On Dynamical Measures of Quantum Information

Round 1

Reviewer 1 Report

Comments and Suggestions for Authors

The manuscript entitled "On Dynamical Measures of Quantum Information" presents a spacetime generalization of von Neumann entropy. The proposed "entropy of a quantum process" is based on the framework of quantum states over time, which contains information about both the quantum state and the quantum channel and can recover the von Neumann entropy of states with trivial evolution. The authors then proceed to investigate the properties of the proposed measure and introduce dynamical analogs of quantum conditional entropy, mutual information, and the so-called information discrepancy. The authors also discuss its relation to measurement.

The work is mathematically rigorous, well-organized, and addresses a gap in the quantum states-over-time community. More generally, it contributes to the study of extending entropy to non-positive operators and should therefore be of interest to the readers of Entropy. In summary, I recommend the manuscript for publication in Entropy.

Below are some references I think should be mentioned in this work.

1) arXiv:2303.10544 gives a way to construct the quantum state over time.
2) PRL 134 (4), 04020(2025)1 has an analysis of the second moments of quantum state over time, should be useful to estimate the proposed entropy.
3) Nature 474, 61–63 (2011) gives a physical interpretation of negative conditional entropy which is relevant with example 28.

I have three comments on the presentation.   1) The authors have confused the labeling of equations with that of theorems and lemmas. 2) To prevent the reader from having to refer to the appendix for the lemma, the authors could include some lemmas (e.g., Lemma 40) in the main body while keeping their proofs in the appendix. 3) For consistency, the notation in the appendix should also follow Dirac notation.

Author Response

Reviewer 1:

Below are some references I think should be mentioned in this work.

1) arXiv:2303.10544 gives a way to construct the quantum state over time.
2) PRL 134 (4), 04020(2025)1 has an analysis of the second moments of quantum state over time, should be useful to estimate the proposed entropy.
3) Nature 474, 61–63 (2011) gives a physical interpretation of negative conditional entropy which is relevant with example 28.

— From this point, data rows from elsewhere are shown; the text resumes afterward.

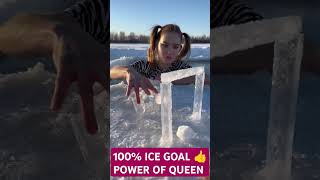 100% ICE GOAL 👍 POWER OF QUEEN#trending #iceswimming #2024shorts #vairalvideo #winter #reels #ice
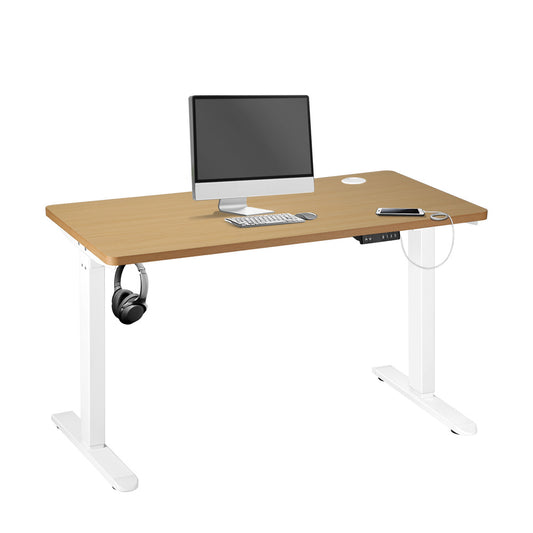 Standing Desk Adjustable Motorized 120cm White and Oak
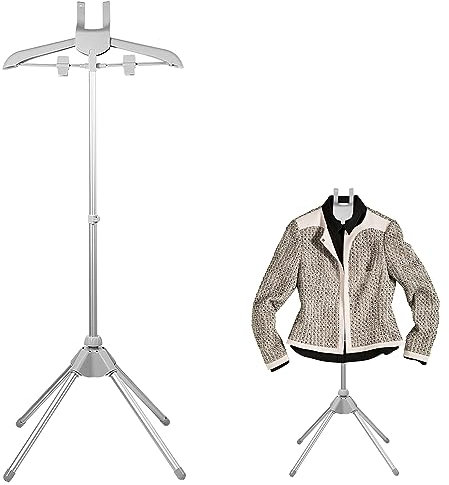 Steamer Stand, Folding Telescopic Clothes Steamer Holder, Height Adjustable Steamer Stand For Clothes,Handheld Garment Steamer Racks Clothes Hanger for Home Steam Ironing Clothes (Grey)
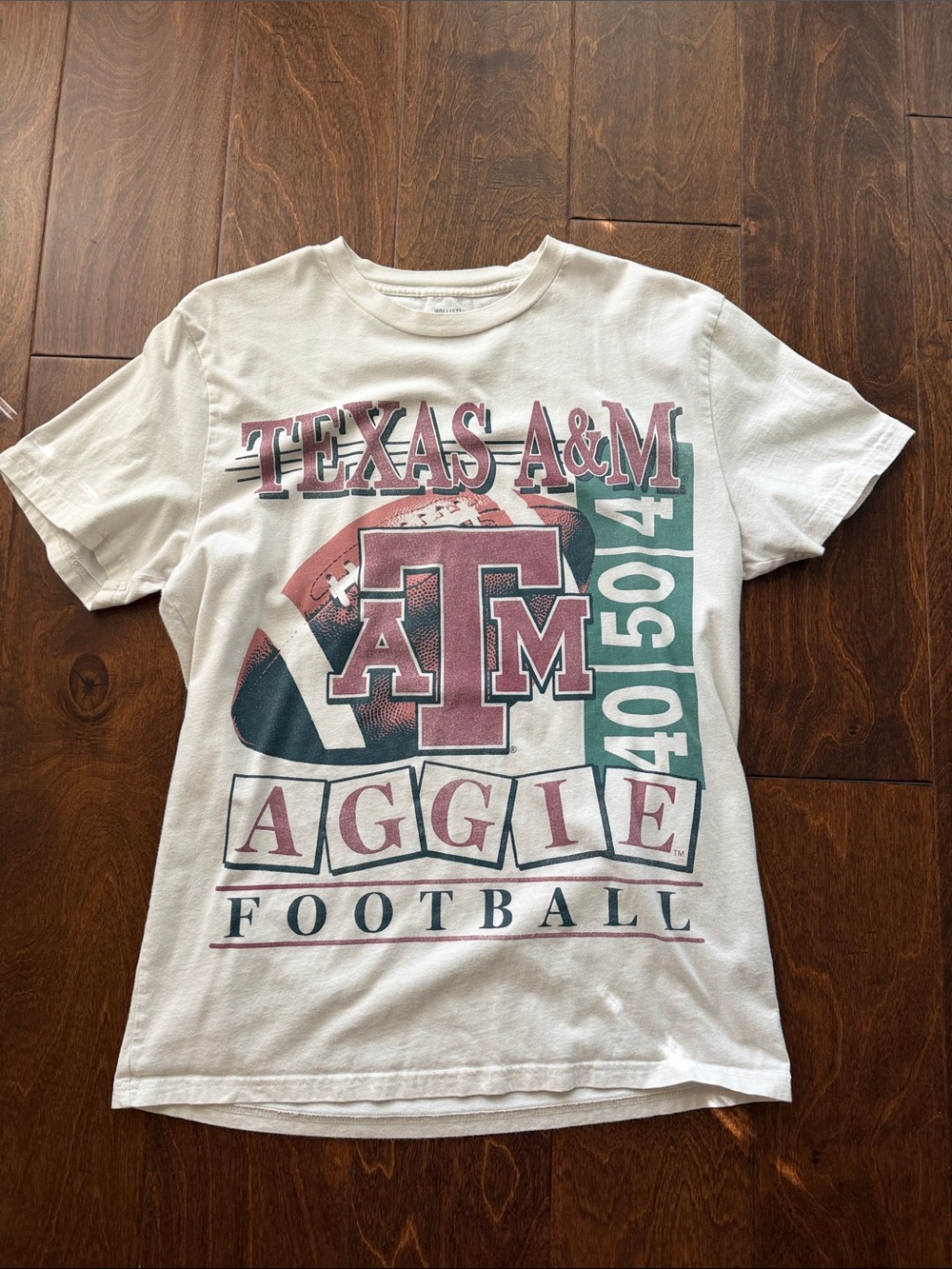 HOLLISTER Texas A&M Aggie Football White Graphic T-Shirt Size Medium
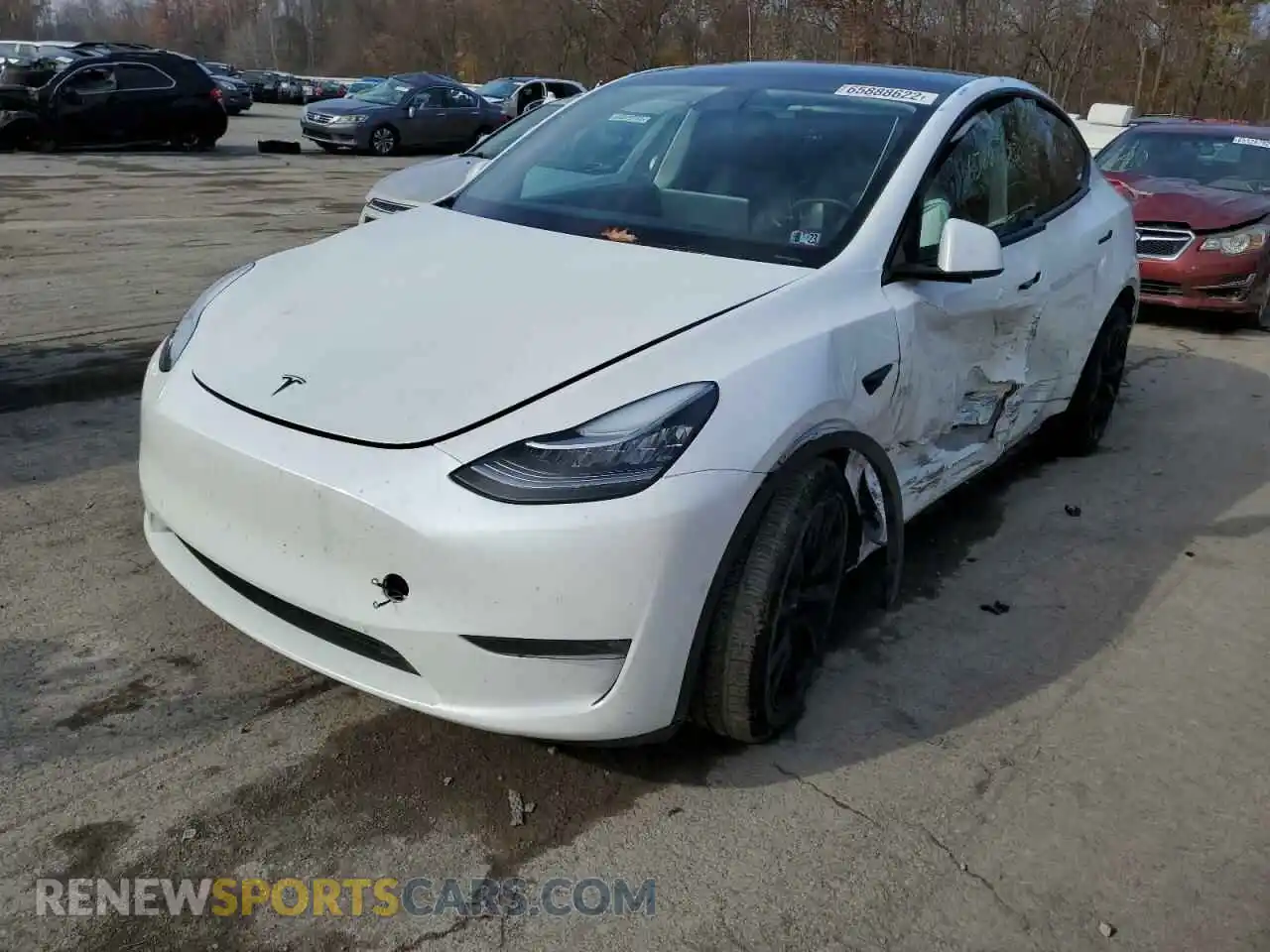 2 Photograph of a damaged car 5YJYGDEE2LF045005 TESLA MODEL Y 2020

 I have three comments on the presentation.   1) The authors have confused the labeling of equations with that of theorems and lemmas. 2) To prevent the reader from having to refer to the appendix for the lemma, the authors could include some lemmas (e.g., Lemma 40) in the main body while keeping their proofs in the appendix. 3) For consistency, the notation in the appendix should also follow Dirac notation.

Response: We have added the references suggested by the referee. As for the labeling, we have used this convention in prior articles published in Entropy. If Entropy editorial staff wishes to change it, they can. The appendix only essentially contains one result, namely, the determination of the eigenvalues of a state over time associated with a unitary process. We then broke the proof up into several lemmas to make the proof more readable. As such, it wouldn't really make sense to put a single Lemma from the appendix into the main text, as the lemmas are all used in sequence for the result about the eigenvalues of a state over time associated with a unitary process. For these reasons, we feel it is better to leave all the lemmas in the appendix. We have also included Dirac notation in the Appendix as well (see the proof of Lemma A1). 

Reviewer 2 Report

Comments and Suggestions for Authors

See the pdf file.

Comments for author File: Comments.pdf

Author Response

We have incorporated the reviewer's comment regarding the proof of Theorem 36. We thank the reviewer for their detailed reading of our paper and correcting this error on our part.

Reviewer 3 Report

Comments and Suggestions for Authors

The present manuscript defines and discusses the properties of an extension of the von Neumann entropy to quantum states over time. It is shown that this new definition reduces to the standard von Neumann entropy for regular quantum states, and that it possess many appealing properties (generalized from from the standard von Neumann entropy). This includes extensions of entropy-like measures, such as conditional and mutual information.

The narrative is clear and convincing. The discussion is comprehensive and sound. Therefore, I can recommend the manuscript to be accepted for publication essentially in its current form.

There is only one minor issue: On page 8, something went wrong with the formatting of the itemized lists.

Author Response

There is only one minor issue: On page 8, something went wrong with the formatting of the itemized lists.

Response: We have fixed this formatting issue.